What Elton Simpson says Islam did for him, Christianity should have done. The opportunity was there.  And subsequently, it would almost certainly not have led to Jihad.  A vulnerable youth - first with drugs, then with Jihad, could have been saved.  We should not have let that happen.

As an aside - a liberal judiciary did nothing to help the situation either. After a considerable amount of evidence, he was given probation, despite being flagged as a threat:
Judge Murguia—an Obama appointee on what is often considered to be the most left-leaning appeals court in the country—found that there was insufficient evidence that Simpson’s false statement to authorities involved international terrorism.

May 4, 2015

China leads in immigration now too

Reading the WSJ today, it appears that China has overtaken Mexico as the number one country for immigrants entering the United States as of 2013.  It's not as surprising as it would seem at first blush.  This is after all census data. Illegal immigrants are mostly not answering the census I'd wager.  so the numbers are skewed.  India it turns out appears to be ahead of Mexico in the immigration volume game as well.  Again, not a surprise.
For a decade, immigration from China and India, which boast the world’s largest populations, has been rising as increasing numbers move to the U.S. to study, work and unite with families already in the country.

Meanwhile, immigration from Mexico has been declining due to improvements in the Mexican economy and lower Mexican birthrates. More recently, the U.S. recession also reduced illegal immigration from Mexico.
The real interesting part of the equation to me is whether the shift is indicative of the labor forces needs in the U.S. Does the U.S. need immigration right now, given the fragile economy? Does it need a more educated immigrant population versus a labor intensive immigrant population (setting aside the implied prejudicial notion of Asian versus Mexican immigrant skill sets - the implied notion is not my intention here)? Assuming the economy does eventually roar back to life, will it be a manufacturing driven recovery? Does manufacturing still need manual labor or does it now need more engineers? And given the slide in Mexican immigration, is that shift part of the reason for declining Mexican immigration?

Another question - how is the illegal immigration situation evolving now? Is it waning, or just as strong as ever?
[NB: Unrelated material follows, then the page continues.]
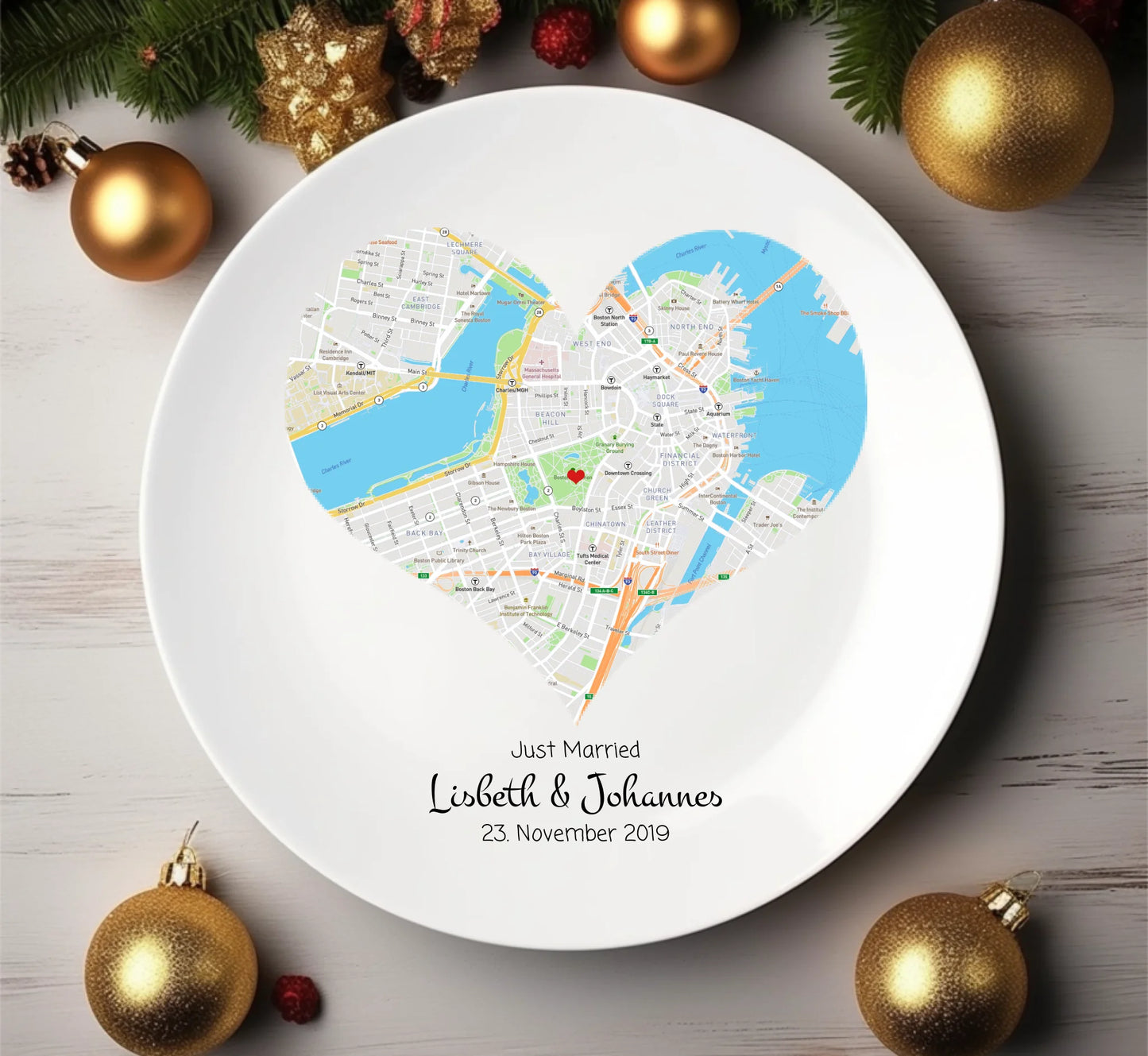 Personalisierter Hochzeitsteller Herz mit Namen & Datum, Geschenk zur Hochzeit, Geschenk Brautpaar, ideal als Gästeteller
Since it is illegal, who really has a handle on the scope of it?

Fundamentally, does the U.S. - a nation built on immigration - still need it? Or has it matured demographically past that point? Does it still have room to grow through immigration? And if so, how is that driven? In the past immigration was welcome, but while ethnicity was diverse, culturally the immigration was more homogeneous, at least with respect to Christian values. That has changed but to what degree? And if you say it still matters because it's been part of the DNA of the nation since birth, are you going to be called a racist?

Being a melting pot of cultures does not mean you allow the original flavor to disappear. It's still important. If enough Muslim immigrants came to America and wanted to make Sharia law the law of the land, and did so, would it still be America at that point? No, it wouldn't. So it matters. At least I believe it does.

May 3, 2015

Sunday verse

Finally, brothers and sisters, whatever is true, whatever is noble, whatever is right, whatever is pure, whatever is lovely, whatever is admirable—if anything is excellent or praiseworthy—think about such things.